In all, as the afternoon proceeded, the blue chip would tumble by more than 300 points. The major industrials and many key retailers, which would be affected mightily by the new tariffs took it on the chin. Worse, the bank stocks were getting hit hard, as falling Treasury note yields were raising the risk and odds of a recession. Bank of America (BAC), for example, now says that there is about a 30% chance of a downturn in the next year. We currently think such odds are a bit exaggerated, but trade wars carry risks.

Meanwhile, the losses continued, surpassing 450 points on the Dow and approaching 120 points on the NASDAQ as we approached the final hour of trading. Also falling, as noted, were Treasury note yields, tumbling yesterday to their lowest levels since 2016. The setback would continue into the rest of the afternoon, with stocks mounting no late comeback as has been its pattern for so long. Summing up, it was the worsening protests in Hong Kong, the intensifying trade with China, and falling bond yields that took the measure of Wall Street yesterday.

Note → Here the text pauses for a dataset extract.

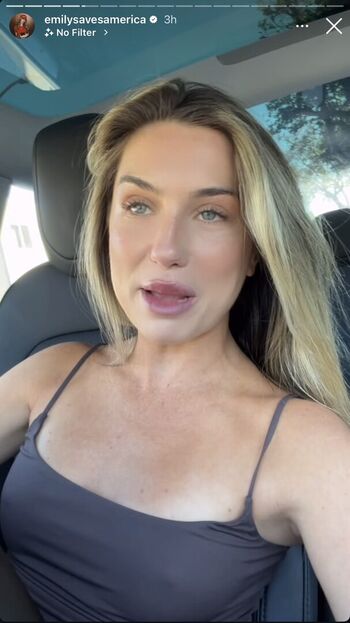 Full leaked Emilysavesamerica private onlyfans photo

Now, a new day begins and after yesterday's increasing geopolitical tensions and intensifying recession fears took the U.S. stock market down sharply, we see that stocks were lower in Asia in the overnight hours on further unrest in Hong Kong. In Europe, in the meantime, the early read on the bourses is negative, as well. Also, oil prices are off slightly and Treasury note yields are nominally weaker. Finally, after yesterday's sharp retreat, the U.S. equity futures are pointing to a lower start to the new trading day. – Harvey S. Katz, CFA

At the time of this article’s writing, the author did not have positions in any of the companies mentioned.